### Aim of the exercise
Look through the records below for the line holding "2024 Mercedes-Benz Sprinter". Write it out exactly, with each following line through the line holding "1422 Bellingham Ln - Photo 3 of 22".

### Recorded information
......
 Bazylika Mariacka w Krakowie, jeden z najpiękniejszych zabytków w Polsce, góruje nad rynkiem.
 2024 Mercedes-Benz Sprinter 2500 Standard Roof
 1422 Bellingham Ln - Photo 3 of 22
......
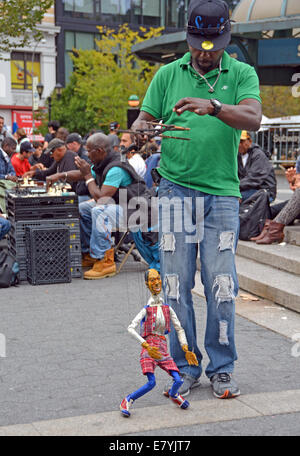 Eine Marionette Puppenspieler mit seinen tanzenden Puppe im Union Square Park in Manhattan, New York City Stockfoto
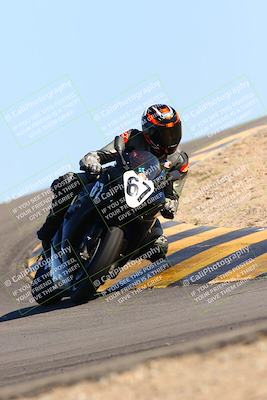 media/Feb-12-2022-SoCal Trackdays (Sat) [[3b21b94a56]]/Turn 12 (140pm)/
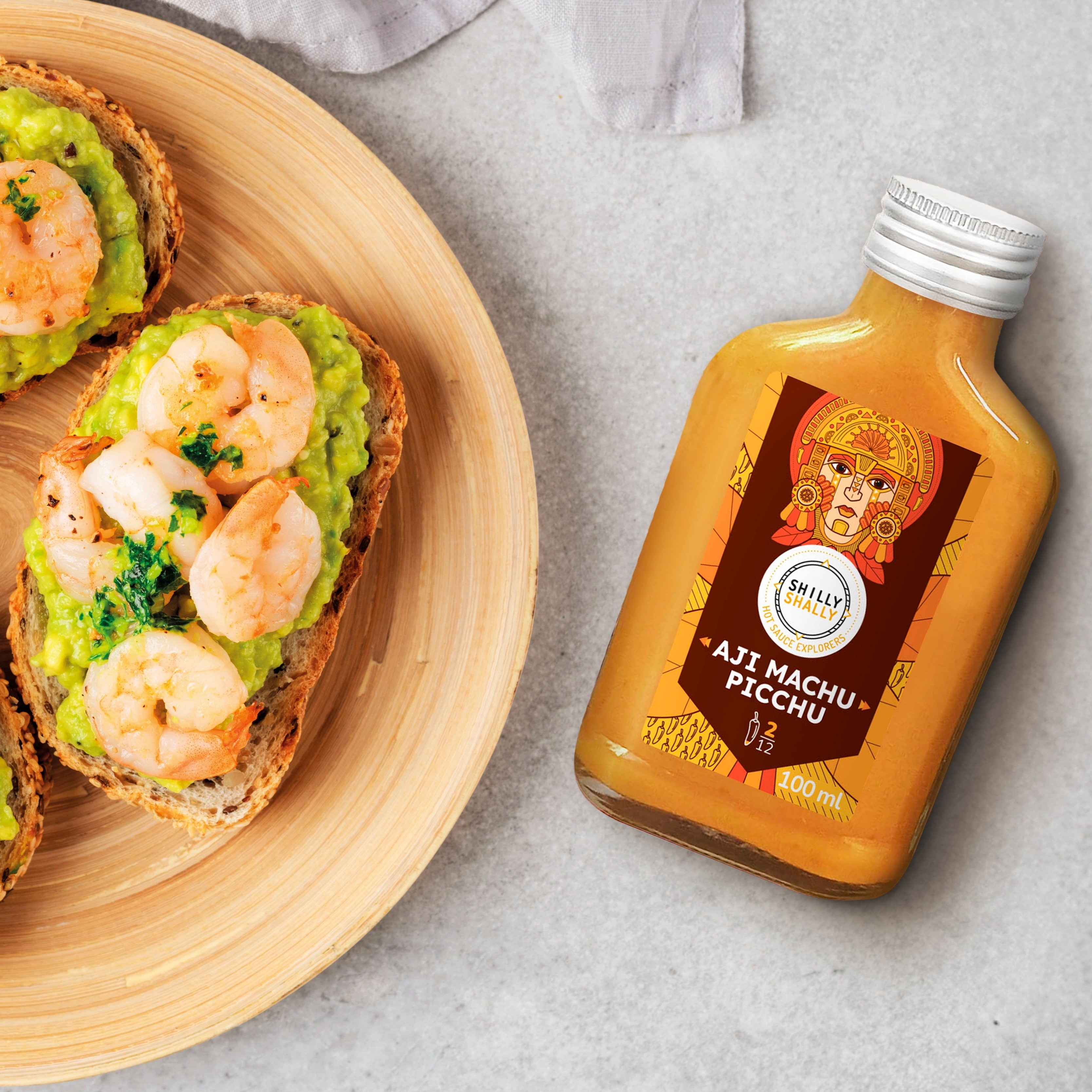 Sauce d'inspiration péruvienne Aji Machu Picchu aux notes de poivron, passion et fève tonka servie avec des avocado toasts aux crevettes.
......
### Task response
 2024 Mercedes-Benz Sprinter 2500 Standard Roof
 1422 Bellingham Ln - Photo 3 of 22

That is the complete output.